## Study material
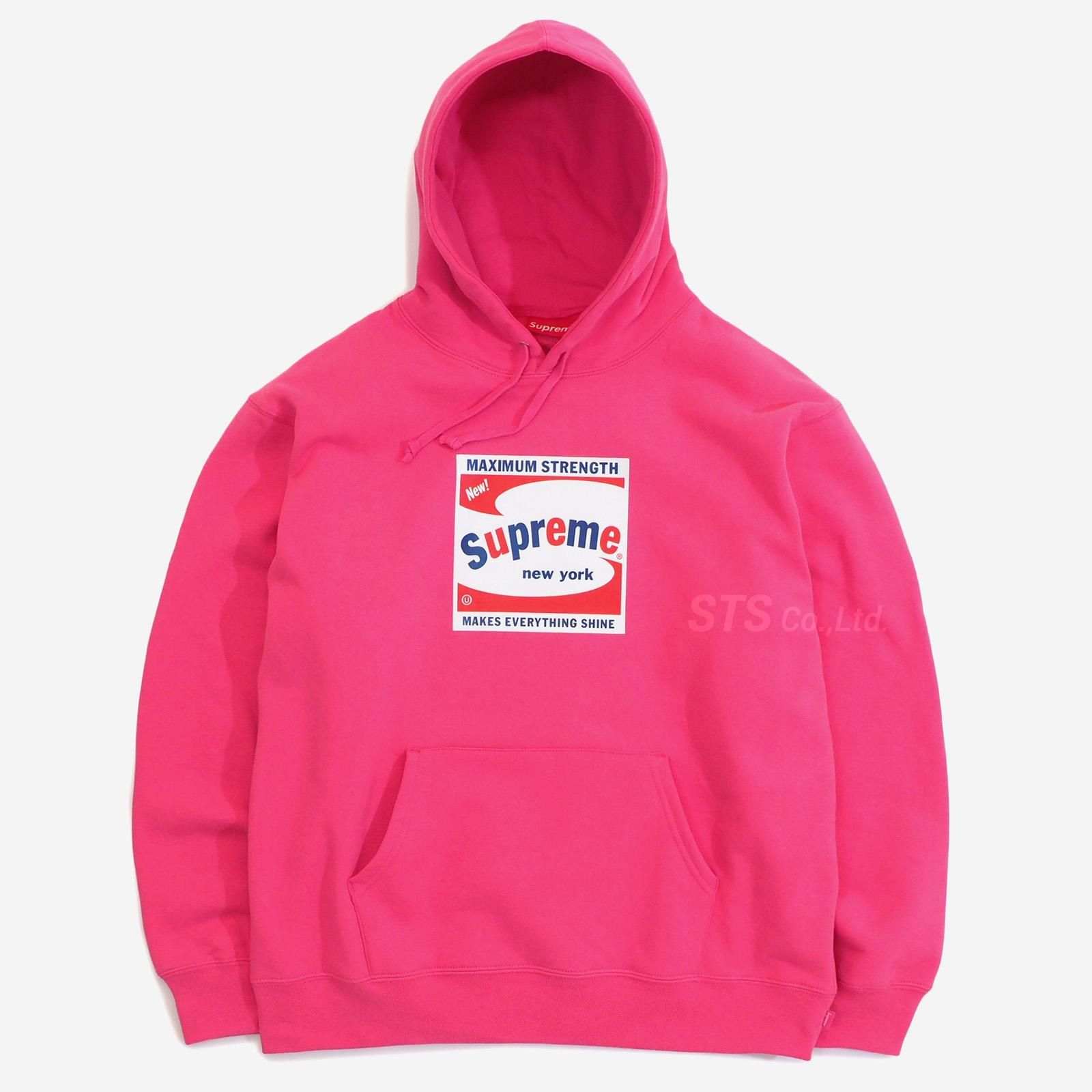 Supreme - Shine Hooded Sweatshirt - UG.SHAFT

==

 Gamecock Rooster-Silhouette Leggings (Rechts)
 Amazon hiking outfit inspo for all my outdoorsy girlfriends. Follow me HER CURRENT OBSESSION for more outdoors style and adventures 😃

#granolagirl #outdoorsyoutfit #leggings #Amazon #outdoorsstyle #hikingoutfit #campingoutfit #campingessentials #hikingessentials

--

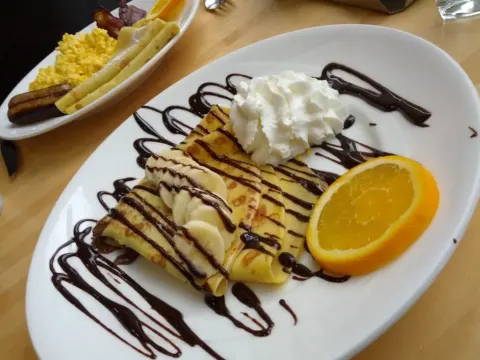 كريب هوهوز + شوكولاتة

## The problem
Within the listing above, extract exactly the lines from the line with "Gamecock Rooster-Silhouette Leggings" to the line with "#granolagirl #outdoorsyoutfit #leggings", the two named lines included, and no others.

## Expected answer
 Gamecock Rooster-Silhouette Leggings (Rechts)
 Amazon hiking outfit inspo for all my outdoorsy girlfriends. Follow me HER CURRENT OBSESSION for more outdoors style and adventures 😃

#granolagirl #outdoorsyoutfit #leggings #Amazon #outdoorsstyle #hikingoutfit #campingoutfit #campingessentials #hikingessentials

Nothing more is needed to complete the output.